[PROMPT] Restate each line below word for word, skipping every picture.

[Records from a collection]
= Beginning of Section =

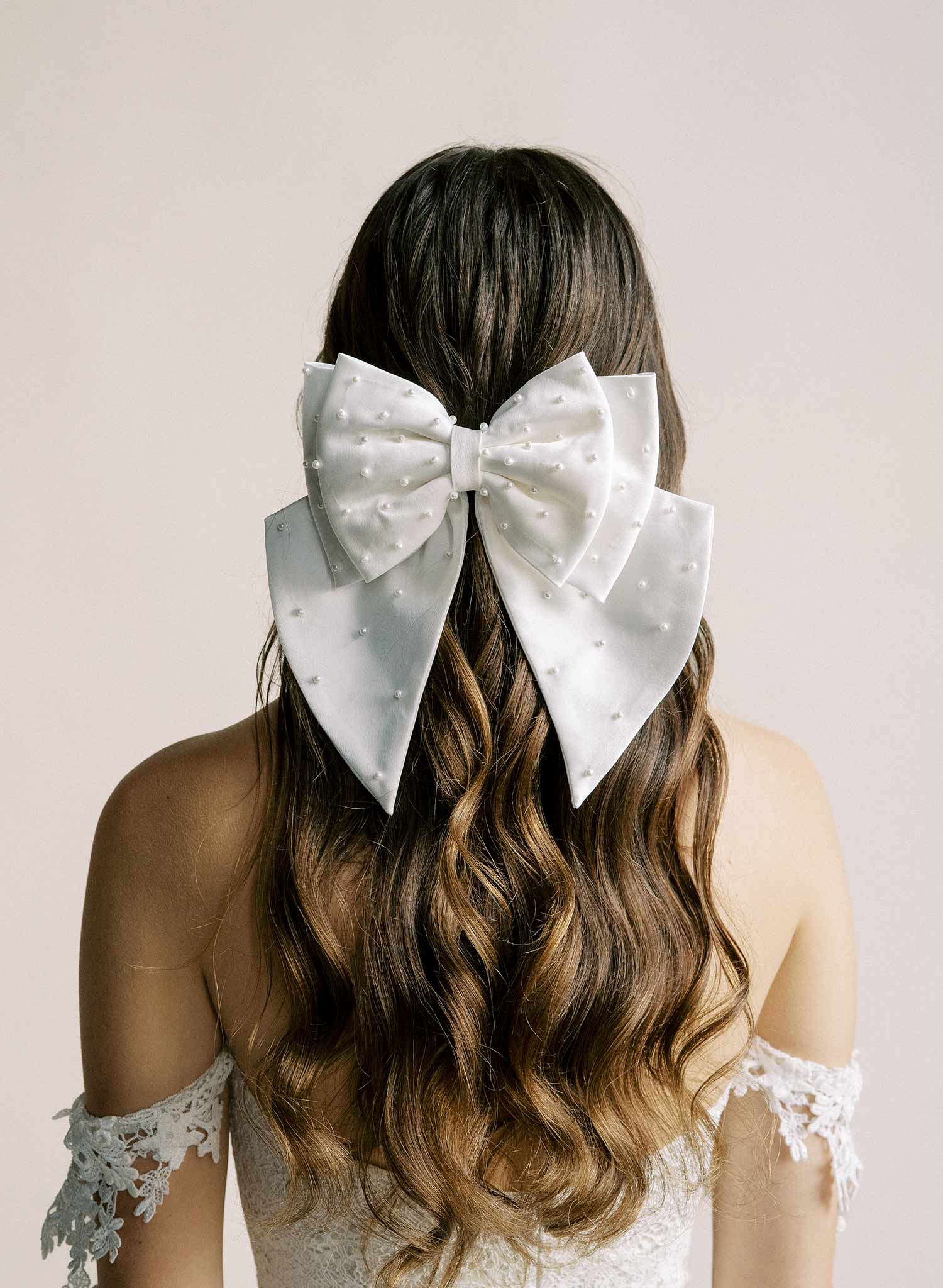 Handmade bridal hair bow with pearl beads by Twigs and Honey.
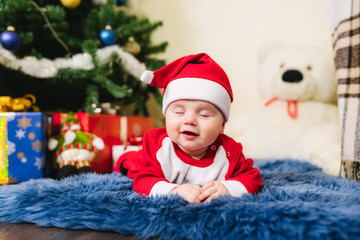Fototapeta na wymiar Baby dressed in Santa Claus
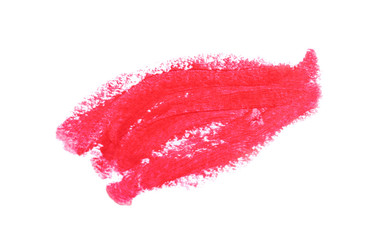 Fototapeta premium Close up of a lipstick stroke with visible texture isolated on white as a make-up sample. Beauty and fashion concept.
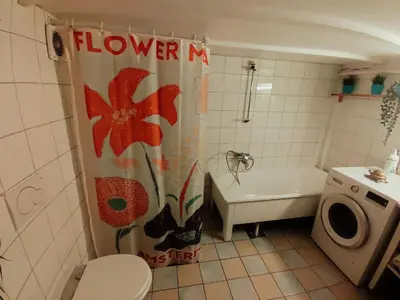 a bathroom with a shower curtain with a flower on it at Nice two-floor home by Gamle bybro in Trondheim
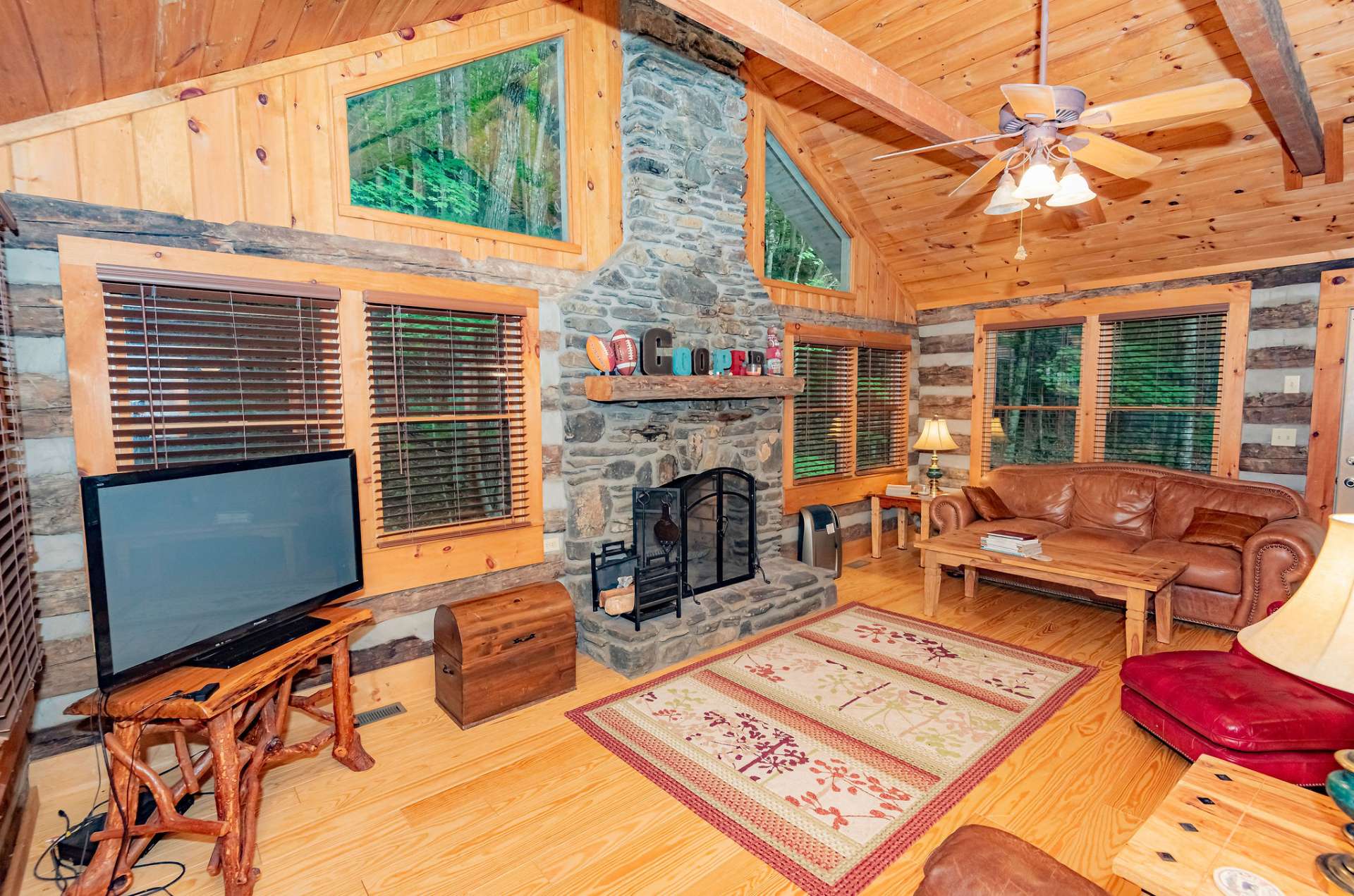 This space offers plenty of windows for natural light, wood floors, and a massive floor to ceiling stone fireplace.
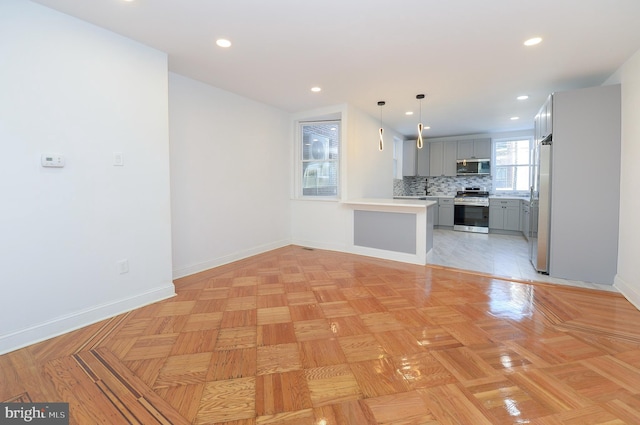 kitchen with gray cabinetry, backsplash, decorative light fixtures, and appliances with stainless steel finishes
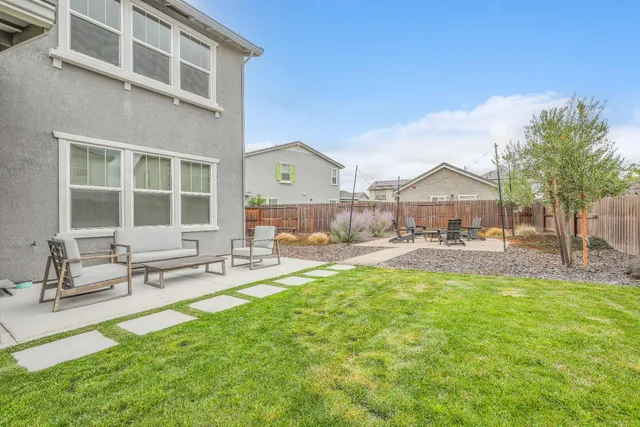 a view of a patio with a table and chairs
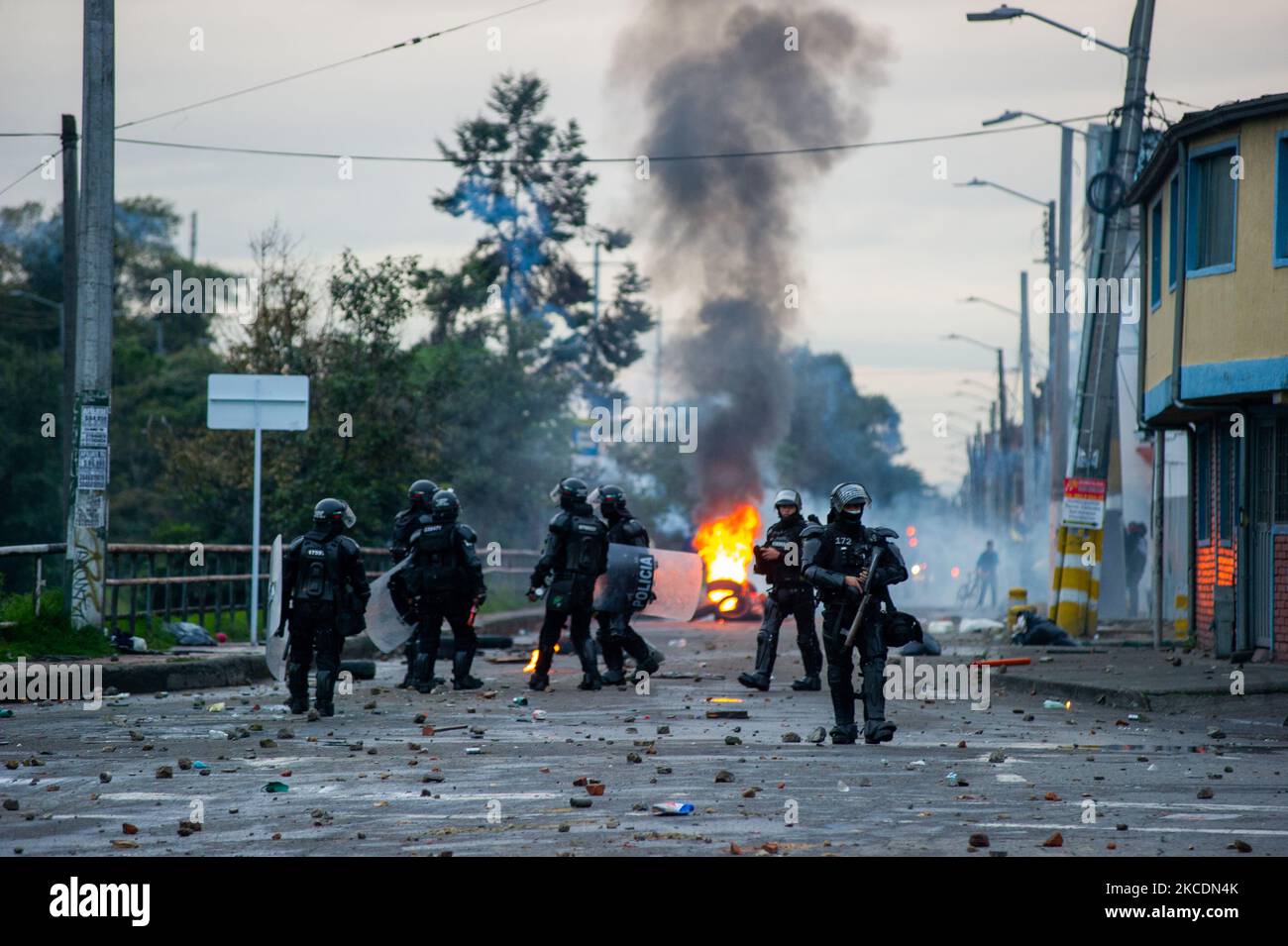 Riot police officers stand behind fire as clashes and riots between ...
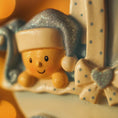 Load image into Gallery viewer, Personalized baby boy Christmas ornament featuring a light blue stroller with glitter details and a smiling baby wearing a blue nightcap. Custom name appears on the top and year on the bottom, making it a perfect Baby’s First Christmas keepsake. This blue resin holiday ornament is ideal for newborn boys, baby shower gifts, and celebrating a special first Christmas memory.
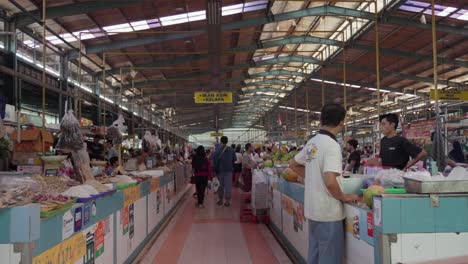 Bustling-Indonesian-indoor-market-with-people-shopping-for-fresh-produce-and-goods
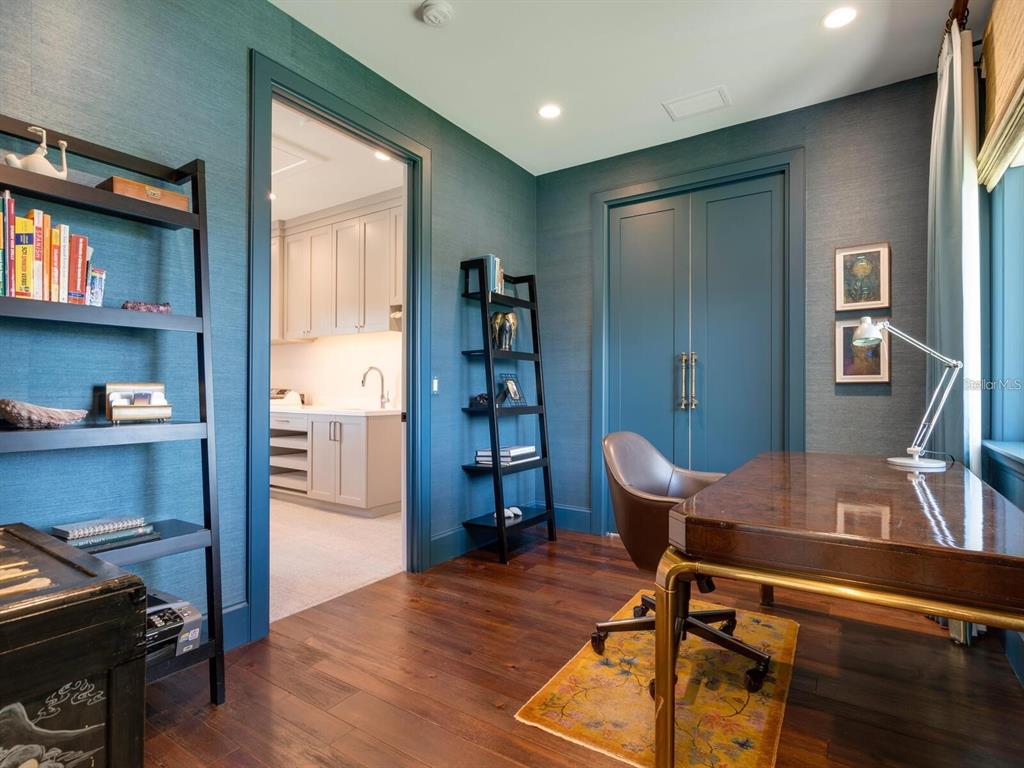 1245 Mill Creek Road Bradenton, FL 34212 - Photo 19 of 56 a view of a workspace with furniture and wooden floor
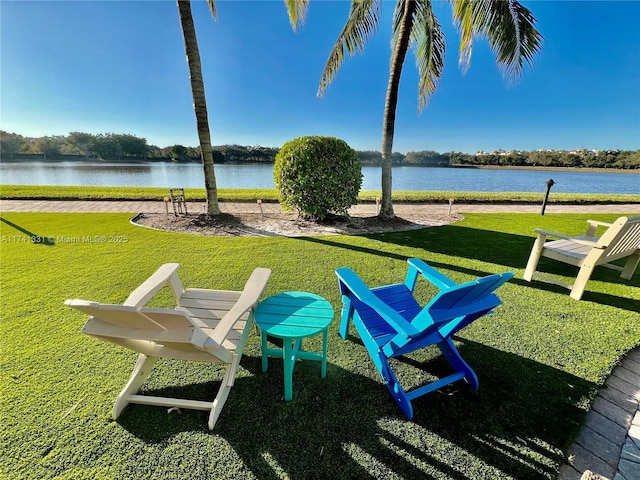 exterior space featuring a lawn and a water view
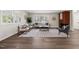 Bright living room with a brick fireplace and lots of natural light at 5013 Green Oak Dr, Durham, NC 27712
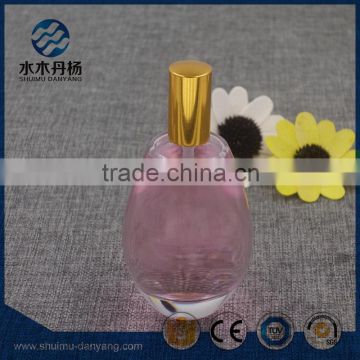 Fancy 100ml clear refillable glass perfume bottle with golden cap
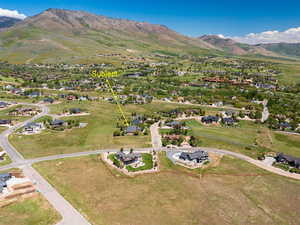 Aerial view of property's location featuring a mountain backdrop and nearby suburban area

= End of Section =

[SOLUTION TO THIS EXERCISE]
 Handmade bridal hair bow with pearl beads by Twigs and Honey.
Fototapeta na wymiar Baby dressed in Santa Claus
 Fototapeta premium Close up of a lipstick stroke with visible texture isolated on white as a make-up sample. Beauty and fashion concept.
 a bathroom with a shower curtain with a flower on it at Nice two-floor home by Gamle bybro in Trondheim
 This space offers plenty of windows for natural light, wood floors, and a massive floor to ceiling stone fireplace.
 kitchen with gray cabinetry, backsplash, decorative light fixtures, and appliances with stainless steel finishes
 a view of a patio with a table and chairs
 Riot police officers stand behind fire as clashes and riots between ...
 Load image into Gallery viewer, Personalized baby boy Christmas ornament featuring a light blue stroller with glitter details and a smiling baby wearing a blue nightcap. Custom name appears on the top and year on the bottom, making it a perfect Baby’s First Christmas keepsake. This blue resin holiday ornament is ideal for newborn boys, baby shower gifts, and celebrating a special first Christmas memory.
 Bustling-Indonesian-indoor-market-with-people-shopping-for-fresh-produce-and-goods
 1245 Mill Creek Road Bradenton, FL 34212 - Photo 19 of 56 a view of a workspace with furniture and wooden floor
 exterior space featuring a lawn and a water view
 Bright living room with a brick fireplace and lots of natural light at 5013 Green Oak Dr, Durham, NC 27712
 Fancy 100ml clear refillable glass perfume bottle with golden cap
 Aerial view of property's location featuring a mountain backdrop and nearby suburban area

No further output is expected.